Le varie prese di posizione, tra cui quella dell’AEI (Idea-italia n. 3, maggio
2000), hanno contribuito a mettere in evidenza questioni più a monte, questioni
che investono il fondo dell’identità evangelica e meritano qualche
riflessione.
I cosiddetti «protestanti storici», per bocca di Giuseppe Platone (Riforma,
14 luglio 2000), hanno mostrato una certa irritazione nei confronti
dell’accusa di «relativismo teologico». Per loro, si tratta di una diversa “lettura
della Bibbia che, per uno strano gioco del destino, porta gli «evangelicali»
sulle stesse posizioni del Vaticano in materia etica”. Platone ha poi
problematizzato l’illusione degli evangelicali di trarre l’etica dalla
Bibbia senza alcuna mediazione, e ha invece espresso il proprio plauso alle
chiese storiche, che, in fatto di etica, sono alla continua ricerca di “un
messaggio di apertura, amore, solidarietà”.
Questo confronto è utile, perché porta alla luce nodi troppo spesso
ignorati.

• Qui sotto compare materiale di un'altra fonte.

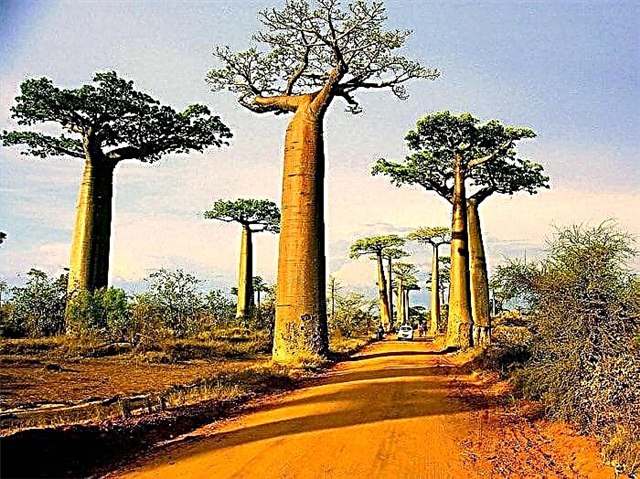 Como fazer crescer uma árvore baobá. Tudo sobre Baobab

Forse le osservazioni da fare sarebbero tante, ma qui ne basteranno
due o tre.
Prima osservazione. È falso che gli evangelicali si trovino in campo
etico sulle stesse posizioni del Vaticano. È vero, invece, che i cosiddetti «protestanti
storici» si trovano dalla parte dei cosiddetti «laici».
Dovrebbe diventare chiaro a tutti che le posizioni esistenti in materia
etica (ma anche in molti altri campi) sono tre, e non due, come si vorrebbe far
pensare: c’è la posizione del Vaticano, c’è quella dei «laici» (cui si
può assimilare quella dei «protestanti storici»), e c’è quella
evangelicale. Il Comunicato stampa dell’AEI afferma chiaramente che “nessuno
è sessualmente «normale» senza la grazia di Dio”. Tale affermazione
rimanda evidentemente al tema della creazione, alla rottura dell’alleanza,
alla redenzione; e basta un pizzico di sensibilità teologica per rendersi conto
che tale impostazione non ha nulla a che vedere con la visione vaticana. Il
Vaticano ha una concezione dualistica, che è radicalmente diversa dalla visione
storica che caratterizza l’orientamento evangelicale.
Seconda osservazione. È falso che gli evangelicali si servano della
Bibbia senza alcuna mediazione. È vero, invece, che le chiese storiche si
allontanano dalla storia del Protestantesimo storico, quando si sganciano dalla
Scrittura in nome di “un messaggio di apertura, amore, solidarietà”.
Nessun evangelico, ripeto, nessun vero evangelico prende la Bibbia senza
assumersi la responsabilità d’interpretarla secondo l’analogia della fede.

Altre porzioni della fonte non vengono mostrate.